But here’s the thing: not every horse finds balance the same way. Some need to start with little, contained steps. Those small steps give them the chance to organise themselves – almost like learning to walk on a tightrope before you try to run across it. Once they feel secure, then we can grow those steps into something bigger and more expressive.
Kyra Kyrklund often talked about this idea – that smaller steps gives greater balance, and greater balance makes everything possible. Other horses are different. They actually feel more stable when the stride is a little bigger and swinging. For them, the small steps come later after they’ve built strength and confidence in their natural way of going.
Our job as riders is to work out what kind of horse we have underneath us and to guide them on their own path to balance — not force them into one version of it.
You’ll notice the difference immediately. A half-pass without balance is just drifting sideways. A canter transition without balance feels like a scramble. But when balance is there, the shoulders stay light and suddenly the movement feels easy, almost effortless. Even the simplest horse starts to feel like a partner who can carry you with power and freedom.

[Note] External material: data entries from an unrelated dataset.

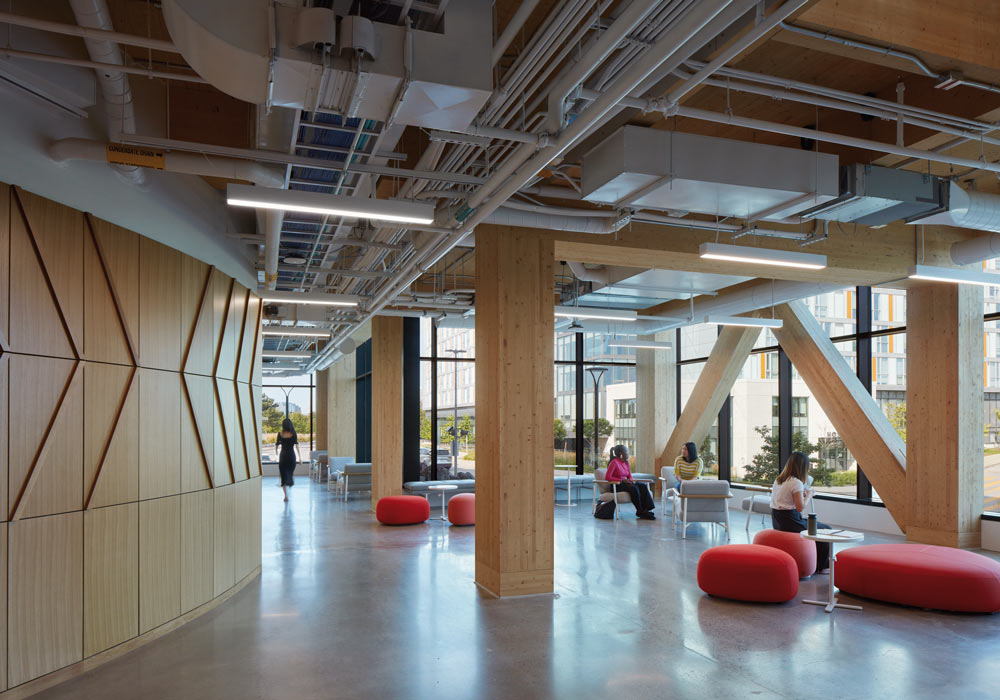Bright and open lounge area surrounded by large glass walls and views of the surrounding buildings and nature. The interior has a lot of wood elements and finishes, with exposed HVAC and pipes above 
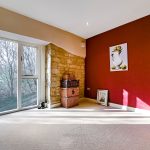 Modern room with stone wall and large windows.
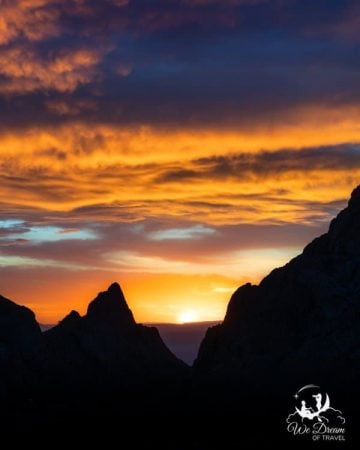 A skyfire sunset through "The Window" in the Chisos Basin of Big Bend National Park.
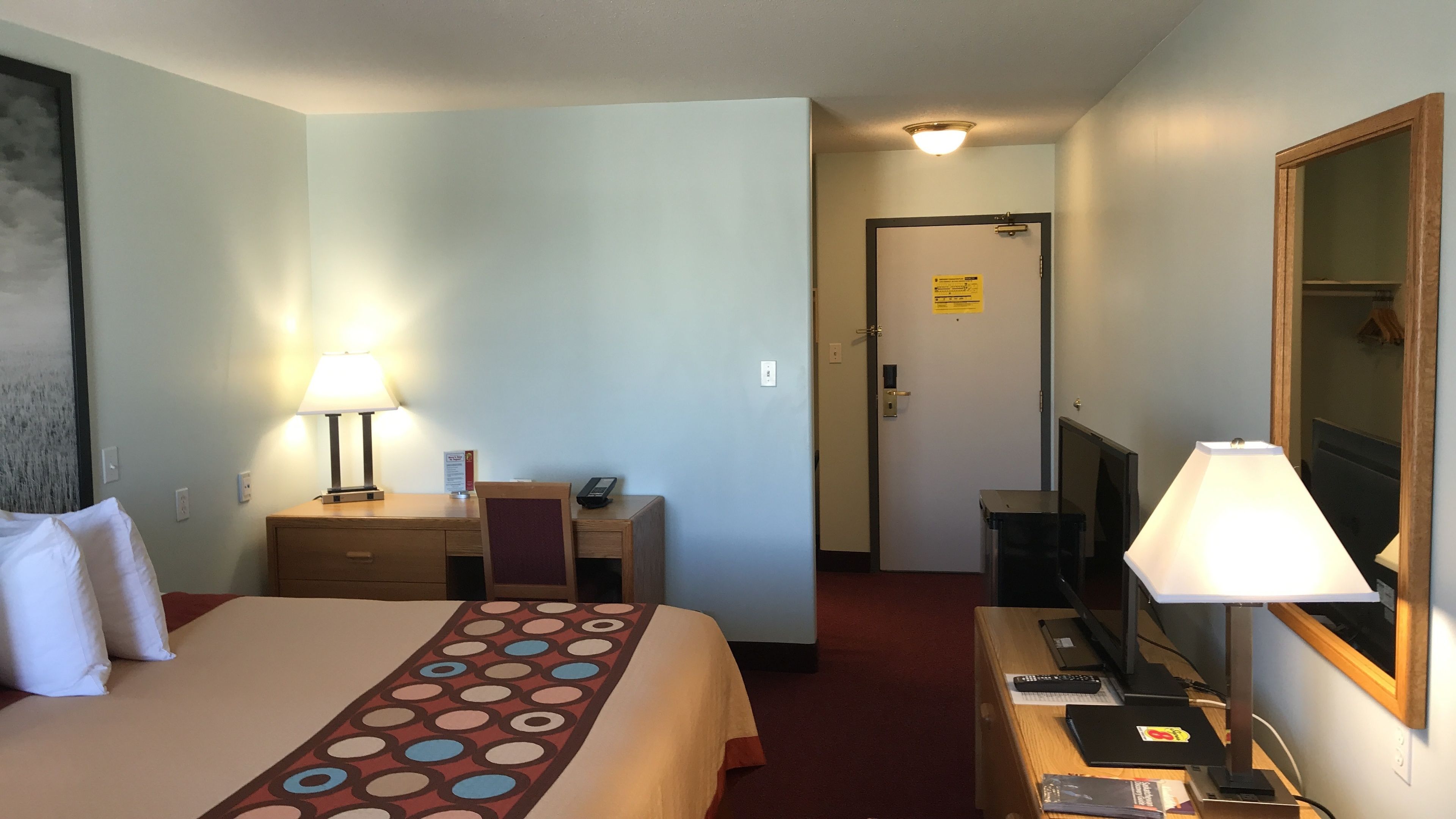 Habitación de hotel con cama, escritorio con lámpara, televisor y espejo.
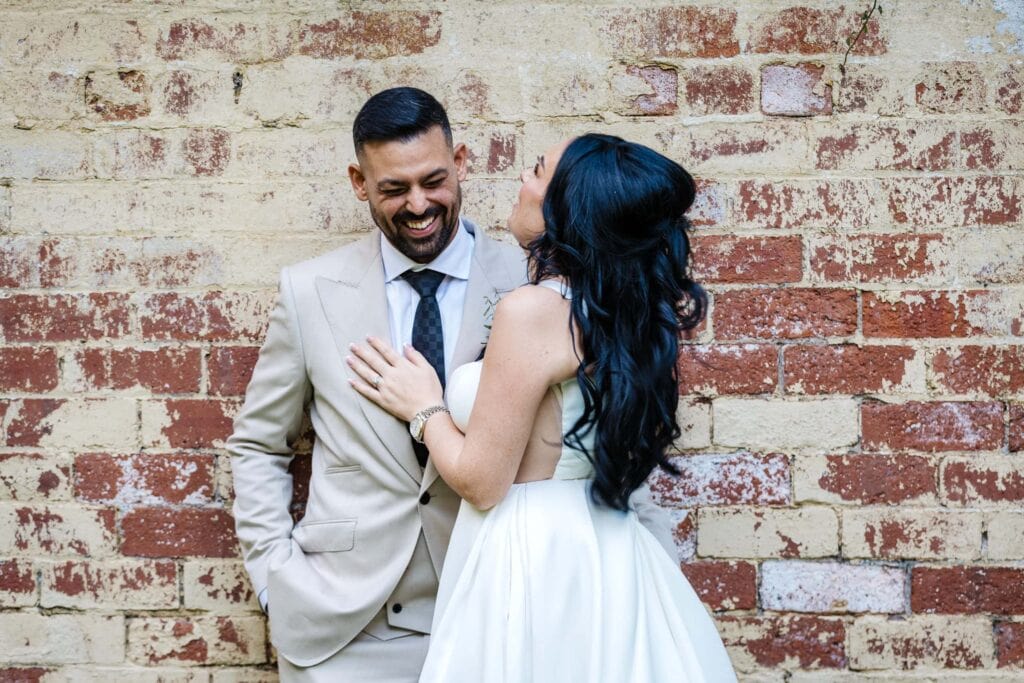 A smiling couple dressed in wedding attire stands against a weathered brick wall, with the woman touching the man's chest and both appearing happy. Drawn by Light Photography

The reward isn’t just in the movements. It’s in how long the horse stays sound, how much he enjoys his work, and how much easier it feels for you as the rider. Horses that are trained to balance last longer, stay healthier, and give you their best year after year.
That’s why whenever you ride, make balance the first question you ask. Are we balanced in all four feet? If yes, then add more.
If not, quietly reorganise until you feel the horse is carrying himself again.
Use your tools: clear lines, organised shoulders, forward intent (LOF) and that little sparkle aid — the Elevation Edge — that invites the back to stay light and lifted.
No matter where you are in your riding, balance is the key.
Some horses find it in small steps, others in big ones. Your job is to help them discover it, keep it, and grow it. Because when balance is there, everything else follows — the movements, the marks, the confidence, and the joy of feeling your horse truly carry you.